--- Required action ---
From the data underneath, reproduce exactly the stretch that begins at the line with "678 Secord Blvd NW, Edmonton, AB T5T 6Z6" and ends after the line with "Used 2019 Chevrolet".

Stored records
━━━━

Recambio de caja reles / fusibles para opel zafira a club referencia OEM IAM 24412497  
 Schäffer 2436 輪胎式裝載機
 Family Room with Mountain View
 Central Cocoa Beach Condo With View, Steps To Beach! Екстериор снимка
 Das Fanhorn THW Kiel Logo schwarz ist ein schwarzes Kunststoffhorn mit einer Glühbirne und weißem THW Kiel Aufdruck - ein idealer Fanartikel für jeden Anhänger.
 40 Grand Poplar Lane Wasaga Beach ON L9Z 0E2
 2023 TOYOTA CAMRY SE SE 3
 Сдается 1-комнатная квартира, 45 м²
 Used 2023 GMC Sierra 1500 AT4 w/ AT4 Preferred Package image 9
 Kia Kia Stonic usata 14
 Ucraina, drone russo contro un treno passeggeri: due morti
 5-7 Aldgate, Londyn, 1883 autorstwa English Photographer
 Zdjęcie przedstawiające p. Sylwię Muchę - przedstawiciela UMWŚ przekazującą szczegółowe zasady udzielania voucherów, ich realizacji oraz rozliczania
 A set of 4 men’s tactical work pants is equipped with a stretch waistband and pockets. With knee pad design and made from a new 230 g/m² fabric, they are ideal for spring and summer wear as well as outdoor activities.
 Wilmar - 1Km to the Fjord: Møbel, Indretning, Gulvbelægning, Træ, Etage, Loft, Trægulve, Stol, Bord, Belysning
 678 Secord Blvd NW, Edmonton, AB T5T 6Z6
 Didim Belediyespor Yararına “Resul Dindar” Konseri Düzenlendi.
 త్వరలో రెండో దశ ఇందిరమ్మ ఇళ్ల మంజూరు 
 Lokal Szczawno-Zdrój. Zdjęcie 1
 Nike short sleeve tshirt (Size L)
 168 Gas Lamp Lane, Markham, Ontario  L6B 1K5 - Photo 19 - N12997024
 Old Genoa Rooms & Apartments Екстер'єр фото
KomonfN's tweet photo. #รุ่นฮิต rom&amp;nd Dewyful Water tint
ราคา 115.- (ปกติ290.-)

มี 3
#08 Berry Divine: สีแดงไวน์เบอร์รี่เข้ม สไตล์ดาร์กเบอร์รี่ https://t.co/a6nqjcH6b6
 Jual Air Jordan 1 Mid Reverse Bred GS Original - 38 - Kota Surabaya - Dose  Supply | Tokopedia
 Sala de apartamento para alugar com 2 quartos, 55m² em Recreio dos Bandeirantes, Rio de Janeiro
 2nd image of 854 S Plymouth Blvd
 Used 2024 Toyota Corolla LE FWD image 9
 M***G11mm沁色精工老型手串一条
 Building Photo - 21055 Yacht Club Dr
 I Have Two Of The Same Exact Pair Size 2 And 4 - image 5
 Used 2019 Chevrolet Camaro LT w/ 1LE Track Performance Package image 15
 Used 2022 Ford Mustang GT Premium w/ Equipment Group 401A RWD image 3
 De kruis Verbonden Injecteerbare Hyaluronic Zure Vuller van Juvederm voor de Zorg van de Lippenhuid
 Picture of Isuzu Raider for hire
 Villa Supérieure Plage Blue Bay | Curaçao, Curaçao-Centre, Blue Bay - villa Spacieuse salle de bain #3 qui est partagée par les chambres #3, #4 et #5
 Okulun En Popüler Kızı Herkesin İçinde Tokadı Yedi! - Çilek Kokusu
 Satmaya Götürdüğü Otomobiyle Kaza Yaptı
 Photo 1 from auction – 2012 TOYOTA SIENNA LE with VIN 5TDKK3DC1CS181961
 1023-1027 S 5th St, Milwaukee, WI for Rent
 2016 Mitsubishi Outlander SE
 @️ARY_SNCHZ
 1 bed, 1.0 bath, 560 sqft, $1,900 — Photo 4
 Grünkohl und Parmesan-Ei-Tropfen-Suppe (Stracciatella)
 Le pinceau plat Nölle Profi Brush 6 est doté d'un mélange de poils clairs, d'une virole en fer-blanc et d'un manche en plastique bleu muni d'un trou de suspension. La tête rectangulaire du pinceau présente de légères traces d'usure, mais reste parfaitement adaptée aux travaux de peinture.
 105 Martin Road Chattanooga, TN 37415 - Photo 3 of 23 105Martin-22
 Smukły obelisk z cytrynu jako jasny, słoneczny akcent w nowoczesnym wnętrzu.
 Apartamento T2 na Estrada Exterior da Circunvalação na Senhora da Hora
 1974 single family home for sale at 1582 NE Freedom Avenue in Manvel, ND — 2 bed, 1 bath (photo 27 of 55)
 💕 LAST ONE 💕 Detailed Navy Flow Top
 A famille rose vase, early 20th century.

━━━━

--- Task result ---
 678 Secord Blvd NW, Edmonton, AB T5T 6Z6
 Didim Belediyespor Yararına “Resul Dindar” Konseri Düzenlendi.
 త్వరలో రెండో దశ ఇందిరమ్మ ఇళ్ల మంజూరు 
 Lokal Szczawno-Zdrój. Zdjęcie 1
 Nike short sleeve tshirt (Size L)
 168 Gas Lamp Lane, Markham, Ontario  L6B 1K5 - Photo 19 - N12997024
 Old Genoa Rooms & Apartments Екстер'єр фото
KomonfN's tweet photo. #รุ่นฮิต rom&amp;nd Dewyful Water tint
ราคา 115.- (ปกติ290.-)

มี 3
#08 Berry Divine: สีแดงไวน์เบอร์รี่เข้ม สไตล์ดาร์กเบอร์รี่ https://t.co/a6nqjcH6b6
 Jual Air Jordan 1 Mid Reverse Bred GS Original - 38 - Kota Surabaya - Dose  Supply | Tokopedia
 Sala de apartamento para alugar com 2 quartos, 55m² em Recreio dos Bandeirantes, Rio de Janeiro
 2nd image of 854 S Plymouth Blvd
 Used 2024 Toyota Corolla LE FWD image 9
 M***G11mm沁色精工老型手串一条
 Building Photo - 21055 Yacht Club Dr
 I Have Two Of The Same Exact Pair Size 2 And 4 - image 5
 Used 2019 Chevrolet Camaro LT w/ 1LE Track Performance Package image 15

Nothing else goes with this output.